Steve had been on patrol 15 miles south of the base at Da Nang when he saw something move about ten feet in front of him, Schieffer wrote in a style of reportage most often associated with their World War II war correspondent predecessor, the famed Ernie Pyle, called a “hometowner.” Stibbens’ attention was immediately drawn to a hole in the ground covered with a lid. Inside were six enemy combatants hiding from the company patrolling the area.
“I looked at them and they looked at me,” Stibbens told Schieffer. 
One of the Marines pulled the lid back and, all at once a hand emerged from the hole with a grenade, pin pulled. He slammed the lid down and the concussion killed three of the hidden VC. The other three were forced out with a smoke bomb, Stibbens told Schieffer.
"I always carried the heavy weight of Ernie Pyle. I had read his books before joining the Corps and they stuck with me, especially when I was in journalism school. Even today, I think of Ernie Pyle when I'm writing about military people. He had a knack for placing the reader in the locale of the story... around the campfire, so to speak."
While being around the campfires himself and plodding through the jungles of Vietnam as a "Striper," Stibbens was always on the lookout for enemy fire. 
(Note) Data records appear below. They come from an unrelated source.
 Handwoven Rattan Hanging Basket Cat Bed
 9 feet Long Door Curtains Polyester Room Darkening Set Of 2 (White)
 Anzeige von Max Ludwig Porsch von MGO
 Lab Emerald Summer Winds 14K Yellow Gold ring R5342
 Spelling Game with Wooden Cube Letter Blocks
Stibbens’ admiration for his employer was also something he carried into battle.
"Stars & Stripes was truly the greatest duty I ever had. In my day, Pacific Stars & Stripes, headquartered in Tokyo, was a real newspaper. They published five editions daily for GIs in Korea, Taiwan, Okinawa, Guam, Hawaii, the Philippines, Thailand and South Vietnam. Daily circulation was 500,000. We had a civilian Managing Editor, City Editor, Features Editor, Sunday Editor, a 10-person art/graphics department, a dozen outstanding Japanese photo lab technicians, our own press, truck drivers, etc. Several hundred people. The only GIs at Stars & Stripes were a dozen or so from each of the services. The civilians were top-notch editors from the great newspapers who had taken a couple years leave of absence for the adventure of Tokyo life. I was the only Marine reporter on staff. There was a staff sergeant in the art department and another staff sergeant in production."
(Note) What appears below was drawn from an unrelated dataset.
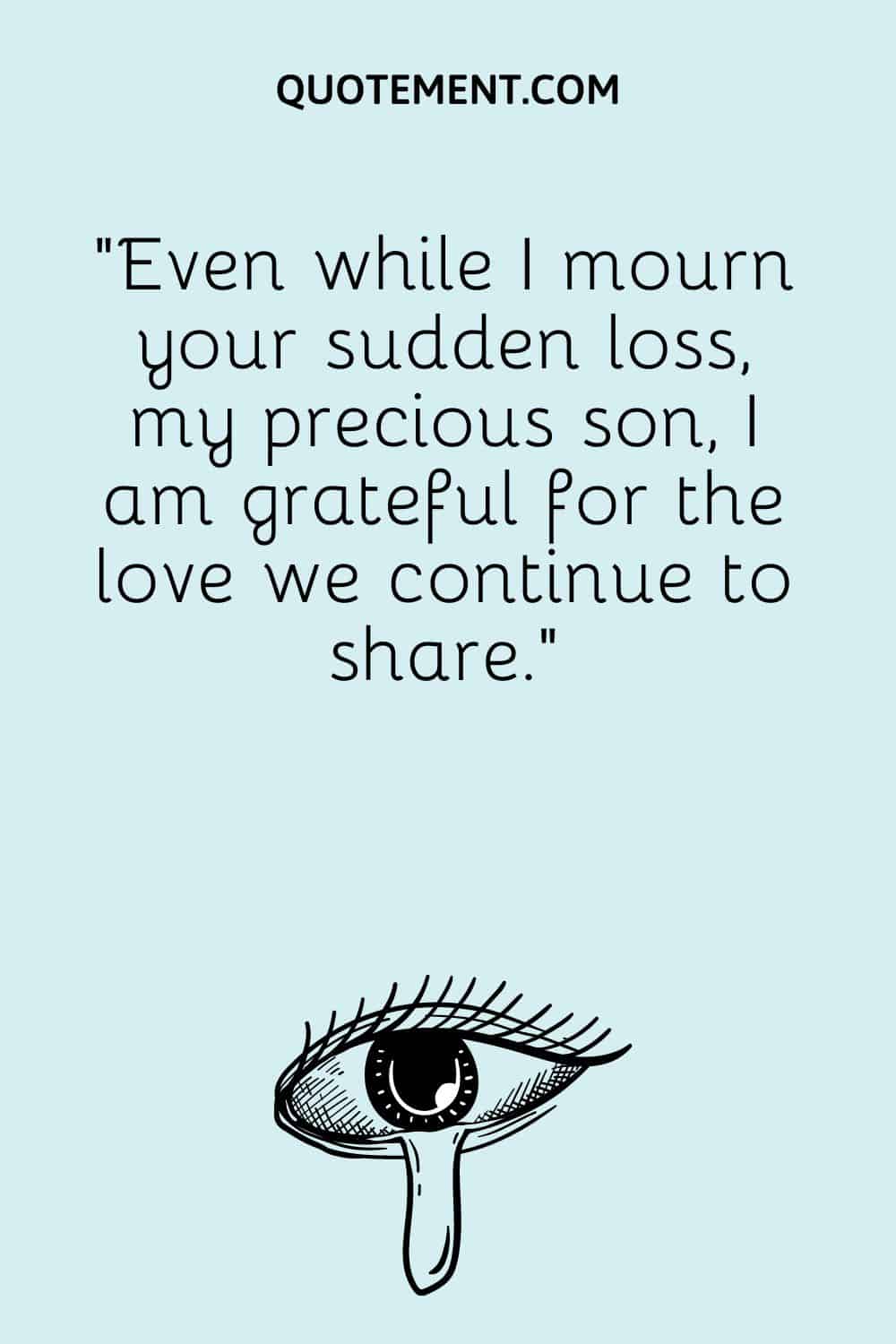 “Even while I mourn your sudden loss, my precious son, I am grateful for the love we continue to share.”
While working for the U.S. Military newspaper is today paramount in Steve’s mind, at the same time, working for Leatherneck and the AP, three somewhat different assignments during his time in Vietnam, he is ever cognizant of those differences that existed in working for each; the main difference being the audience.
"Stripes’ focuses on the grunt and troop-level action for a generally military audience. AP speaks to the world and requires telling the broad story as well."
Covering events and battles for the AP, Steve was usually in a hurry to get information and get back to a telephone to call Saigon. In fact, he got a cable once from the New York bureau of the AP congratulating him on a nine-minute beat with a story about a B-52 crash. With Stripes, Steve knew that he could take time to get to know the troops; like during one mission in 1963 when he went on a  a ten-day mountain patrol with three Special Forces troops and 85 Koho Montagnards.  
 "Stars & Stripes wanted coverage of the GIs for the GIs. The civilian correspondents, of course, had to cover everything, especially the politics... with a coup rumor every day. Horst Faas and I wanted action and we constantly went on adventures while the others had to stay close to Saigon. Afterward, the Saigon-bound newsies treated us like great heroes, buying our dinners and soliciting tales of our adventures in the countryside. It was great!" 
How long the war would last was anybody's guess in the early days of Vietnam. But there was a sense of pre-packaged optimism among the brass.
In October, 1963, Steve interviewed the two top American generals, Gen. Paul D. Harkins (MAC-V) and Maj.Gen. Charles Timmes (MAAG). In almost identical words, they separately told him, "We've done our job here. We’ve trained the Vietnamese forces." Gen. Timmes said he could see "victory" by the end of the next dry season, about nine months away, barring unforeseen political upheaval.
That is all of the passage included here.